The Ninth Schedule makes certain legislative actions completely immunised from judicial review. What is the need or intention of the lawmakers to protect laws from judicial review?

THE NATURE OF NINTH SCHEDULE

The Ninth Schedule has the effect of nullifying the judicial pronouncements that declared certain laws void, as they are inconsistent with Part III. This has effect both prospectively as well as retrospectively. It is applicable to both pre and post independence laws. Art 31-B protects the acts and regulations in the Ninth Schedule.  Art 31-B is not illustrative of Art 31 -A[1]. The laws currently in the Ninth Schedule can be categorized into:

  • Laws Relating to Agrarian/Land
  • Laws Relating Industrial Development
  • Laws Relating to Economic Offences
  • Laws Relating to Social Welfare
  • Laws Relating to Elections and Press, and
  • Miscellaneous Laws

HISTORICAL ORIGIN OF THE SCHEDULE:

Due to the colonial rule, land and wealth was concentrated in the hands of a few landlords while others lived on meager terms.[2] To bring about a social order based on justice and equality, agrarian reforms were introduced. These reforms were in clash with the right to property[3] of the landlords, who filed cases in the courts challenging the reforms. The legislature then introduced the Ninth Schedule and included the 13 agrarian reforms in it. This was in order to protect them from being questioned in courts. The reason stated was to be the individual interests of the landlords, upholding of social good was imminent.

While moving the Bill to the Ninth Schedule, the then Prime Minister Jawaharlal Nehru said:

“This Bill is not a very complicated one; nor is it a big one. Nevertheless, I need hardly point out that it is of intrinsic and great importance.”[4]

IMPORTANCE AND NECESSITY OF NINTH SCHEDULE:

Our constitution is a social document.[5] It aims at common good. The Constitution lays down that our nation’s policy should be built on certain fundamental values – reflected in the fundamental rights and the directive principles, which can be described as the soul of the constitution and the testament of the framers. The goals of the nation are enshrined in the directive principles of state policy in Part IV of the Constitution. These directives cannot be less significant than the fundamental rights of the individual. The whole idea is to achieve the goals in Part IV while protecting the fundamental rights of the individual in Part III.

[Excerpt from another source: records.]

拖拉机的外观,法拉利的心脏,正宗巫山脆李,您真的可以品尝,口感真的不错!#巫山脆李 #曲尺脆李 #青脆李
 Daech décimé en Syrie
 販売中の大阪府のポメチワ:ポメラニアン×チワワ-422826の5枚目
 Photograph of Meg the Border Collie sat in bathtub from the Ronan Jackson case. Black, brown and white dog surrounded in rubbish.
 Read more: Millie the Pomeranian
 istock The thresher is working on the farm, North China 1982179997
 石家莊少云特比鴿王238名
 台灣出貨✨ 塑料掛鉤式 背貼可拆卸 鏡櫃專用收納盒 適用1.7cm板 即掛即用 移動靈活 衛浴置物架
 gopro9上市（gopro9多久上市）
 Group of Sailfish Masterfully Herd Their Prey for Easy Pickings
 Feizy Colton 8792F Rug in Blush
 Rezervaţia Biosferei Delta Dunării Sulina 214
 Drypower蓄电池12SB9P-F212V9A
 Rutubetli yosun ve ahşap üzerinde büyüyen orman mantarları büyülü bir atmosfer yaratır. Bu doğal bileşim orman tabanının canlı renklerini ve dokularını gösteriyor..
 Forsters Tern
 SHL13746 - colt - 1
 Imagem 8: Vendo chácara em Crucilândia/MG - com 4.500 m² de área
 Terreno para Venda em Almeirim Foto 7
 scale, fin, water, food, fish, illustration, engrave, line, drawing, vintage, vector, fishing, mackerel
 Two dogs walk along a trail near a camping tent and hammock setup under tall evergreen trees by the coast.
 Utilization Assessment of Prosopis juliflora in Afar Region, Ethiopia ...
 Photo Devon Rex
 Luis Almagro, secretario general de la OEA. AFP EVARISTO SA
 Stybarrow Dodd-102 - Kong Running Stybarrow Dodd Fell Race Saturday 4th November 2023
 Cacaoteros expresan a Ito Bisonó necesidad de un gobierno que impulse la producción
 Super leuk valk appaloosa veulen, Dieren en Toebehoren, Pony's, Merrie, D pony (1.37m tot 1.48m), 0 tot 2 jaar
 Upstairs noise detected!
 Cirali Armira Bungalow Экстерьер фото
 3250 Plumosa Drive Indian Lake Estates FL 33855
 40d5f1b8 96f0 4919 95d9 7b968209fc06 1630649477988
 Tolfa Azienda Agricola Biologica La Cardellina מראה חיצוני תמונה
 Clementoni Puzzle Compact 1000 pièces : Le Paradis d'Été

However, at certain times, this is not possible. When one looks at the socio-economic goals of our nation, it involves satisfying extremes, poor and rich, upper castes and lower castes, man who has it all and the man who struggles to surpass the day. When aiming to achieve these goals, certain fundamental rights of an individual can be sacrificed, if it is not a big shocking betrayal to the imminent ideals of the constitution.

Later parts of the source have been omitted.